|
[Date Prev][Date Next][Thread Prev][Thread Next][Date Index][Thread Index] Re: [Xen-devel] [PATCH] Xen: Spread boot time page scrubbing across all available CPU's (v6)
On 13/06/14 19:05, Konrad Rzeszutek Wilk wrote:
> From: Malcolm Crossley <malcolm.crossley@xxxxxxxxxx>
>
> The page scrubbing is done in 128MB chunks in lockstep across all the
> non-SMT CPU's. This allows for the boot CPU to hold the heap_lock whilst each
> chunk is being scrubbed and then release the heap_lock when the CPU's are
> finished scrubing their individual chunk.

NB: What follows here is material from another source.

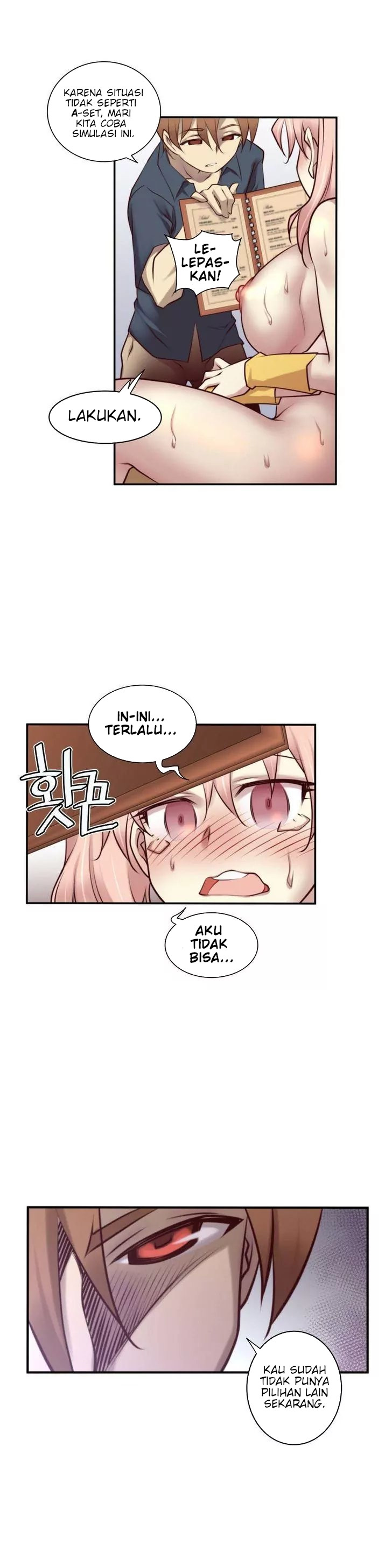 Master In My Dreams: Chapter chapter 23 - Page 18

This allows for the heap_lock to
> not be held continously and for pending softirqs are to be serviced
> periodically across the CPU's.
>
> The page scrub memory chunks are allocated to the CPU's in a NUMA aware
> fashion to reduce socket interconnect overhead and improve performance.
> Specifically in the first phase we scrub at the same time on all the
> NUMA nodes that have CPUs - we also weed out the SMT threads so that
> we only use cores (that gives a 50% boost). The second phase is for NUMA
> nodes that have no CPUs - for that we use the closest NUMA node's CPUs
> (non-SMT again) to do the job.
>
> This patch reduces the boot page scrub time on a 128GB 64 core AMD Opteron
> 6386 machine from 49 seconds to 3 seconds.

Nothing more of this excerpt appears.